Baru-baru ini juga terdapat indikasi kepentingan politik dan kekuasaan yang telah membelakangi penegakan HAM di Indonesia.Para aktivis 98 yang saat itu menjadi sasaran penculikan oleh Capres Prabowo Subianto, malah ramai-ramai mendeklarasikan dukungannya kepada Prabowo Subianto, sang penculik itu sendiri.Dulu mereka berdemonstrasi untuk membawa Prabowo Subianto ke ranah hukum akibat tindakan pelanggran HAM beratnya di masa lalu.Namun sekarang mereka malah memuji-muji dan mendukung Prabowo untuk menjadi Presiden.Begitu rusaknya penegakan hukum dan HAM di Indonesia yang disebabkan oleh kepentingan politik dan kekuasaan.Pada saat Prabowo menjadi cawapres bersama Megawati di pemilu 2004, banyak rakyat yang tidak memilih mereka karena saat itu mereka tau bahwa Prabowo adalah pelaku pelanggara HAM berat sehingga pasangan Megawati-Prabowo saat itu kalah dari pasangan Susilo Bambang Yudhoyono-Jusuf Kalla."Sorry ya man,dulu gue kejar-kejar lo.Sekarang kan gue udah minta maaf sama lo." Ujar Prabowo kepada Budiman Sudjatmiko, yang merupakan aktivis 98 yang saat ini mendukung Prabowo.Sungguh miris karena demi kepentingan kekuasaan, HAM diabaikan.

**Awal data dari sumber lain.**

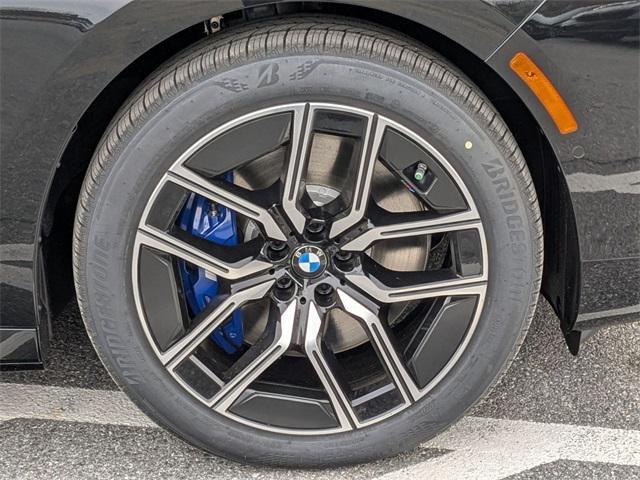 new 2026 BMW 740 car, priced at $115,380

Sebagai rakyat yang akan menggunakan hak pilih kita, sudah sebaiknya kita memilih pemimpin yang tegak lurus dengan demokrasi, tegak lurus dengan hukum, serta tegak lurus dengan HAM.Dan tentunya, seorang pemimpin yang baik adalah pemimpin yang lahir dari pengalaman dan prestasi, bukan dari privilege tetapi minim pengalaman dan prestasi.Jangan mau dibodohi oleh kampanye gimmick dan kalimat-kalimat keliru.Kita sebagai rakyat harus bisa berpikir kritis dan analitis terhadap setiap kebijakan dan aktivitas yang dilakukan oleh pemerintah.Kita adalah penentu apakah tahun 2024 merupakan pesta demokrasi, atau justru pesta oligarki.